En La ciudad de los niños, historia del laureado escritor Manuel Rueda, se valora la importancia de aprender, la perseverancia y la diversidad. En ella, nos habla de un niño de nombre Yaya, quien “era perezoso y enemigo de la escuela”, pero “tenía buenos sentimientos y  respetaba a las personas mayores”. Su problema era que “aprender, aunque fuera fácil y placentero”, le costaba mucho.

En su intento por repetir las vocales, en el orden que iban, se sintió frustrado. Por tal razón, se quedó estancado en la letra “A”, la cual repetía “como si estuviera cumpliendo a las mil maravillas”. Aunque lo ponían contra la pared, y le decían “niño malo”, Yaya no sabía “cómo salir adelante con las vocales”. Pensaba que eran demasiadas, por lo que redujo su lenguaje a la única que dominaba.

Entonces se le escuchaba pronunciar:

-“A la aglasa”, “a la bataca”, “a la calmada”; en vez de: a la iglesia, a la butaca, al colmado.

Yaya no escuchaba el consejo de su madre, ni el de su maestra. Los padres de sus compañeritos lo mantenían a distancia, y al ser expulsado de la escuela, pensó que “todo había terminado para él”. Así fue como nuestro protagonista decidió irse a un lugar donde no hubiera escuelas ni sonidos tan difíciles de pronunciar.

El autor Manuel Rueda, describe con detalles que despiertan los sentidos el camino que Yaya recorrió: Se fue por “trillos pedregosos, entre matorrales espinudos”. Caminó hasta llegar a un paraje “donde la soledad y el silencio le oprimían el pecho”, donde había árboles ancianos, almendros de hojas tornasoladas y “pinos que exhalaban frescor”. Cansado y hambriento, escuchó unos cuchicheos mientras fueron apareciendo unos cuatro niños que se presentaron así:

“─Ye me me lleme Pepe─ dijo el primero.

─Yi mi llimi Guigui─ dijo el segundo.

─Yo mo llomo Lolo─ dijo el tercero.

─Yu mu llumu Chuchú─ dijo el cuarto”.

Luego del caos que fue intentar comunicarse y escuchar “el hambre que rugía en sus estómagos”, decidieron afrontar un destino común: vivir alejados de los suyos.
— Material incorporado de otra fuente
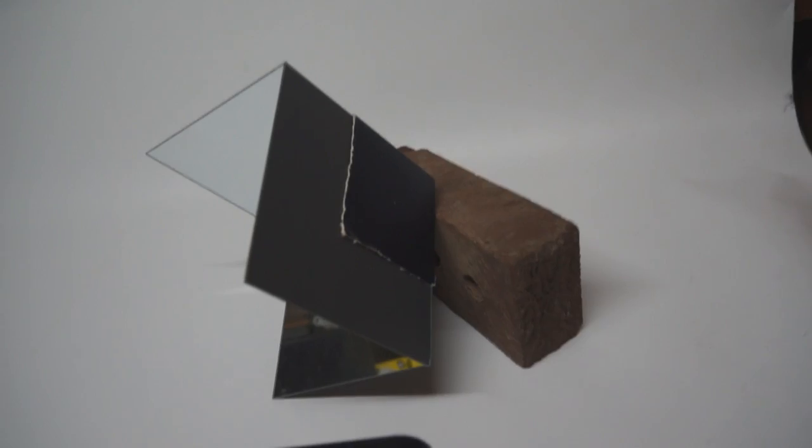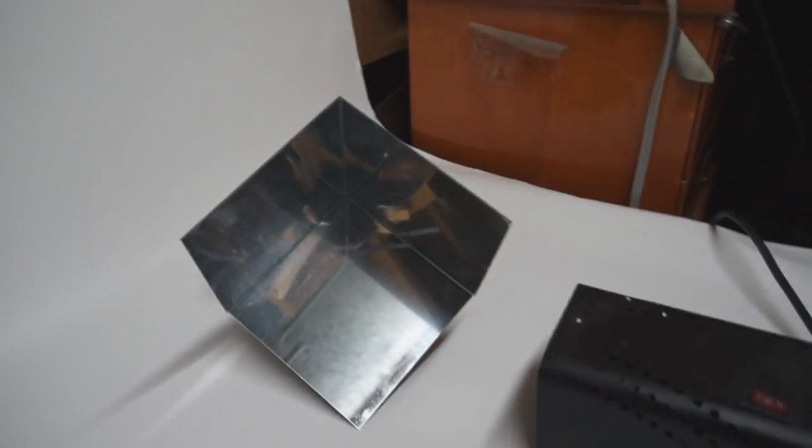A corner cube retroreflector is a miniature version of what you can see here. It's three mirrors put together to be the corner of a cube and they have the interesting property of reflecting light directly back in the direction from which it came.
Emprendieron un camino angosto que luego se volvió llano y suave hasta llegar a una ciudad, con torres altas y puertas cerradas. Fueron recibidos por un anciano que les presentó la “Ciudad de los Niños”, en la que divisaban copas de helados, refrescos, chocolates y otras golosinas sin límites. Pero, para entrar en ella, había una condición: pronunciar la palabra “murciélago”. Intentaron hacerlo, cada uno diciendo la sílaba con la vocal que se sabían, pero no funcionó.

Luego de mucho practicar, y sin darse cuenta, cada uno aprendió a pronunciar todas las vocales. Su sorpresa fue mayor, cuando las puertas se abrieron y descubrieron que eran “cinco niños normales que sabían hablar como Dios manda” y que “un idioma emocionante se les revelaba”. Además, sus seres queridos les esperaban tras las mismas.

Manuel Rueda narra esta historia con fluidez e imagen poética, lo que hace sencilla su lectura. Su gran capacidad descriptiva y diálogos vivaces permiten al lector percibir el ambiente con los cinco sentidos, en una implícita alegoría con las vocales. Muestra sin sermonear, que los niños pueden aprender con la motivación y las palabras adecuadas, aceptando su individualidad y el ser parte de algo más grande que ellos mismos.

Podemos decir junto al autor: “¡Qué hermosas son las palabras y qué calor percibe el corazón con ellas! Que “sus colores y relieves” transmitan “sentimientos y emociones” con nuevos y valiosos significados.

Celebremos la ternura y sabiduría de La ciudad de los niños, del grandioso Manuel Rueda.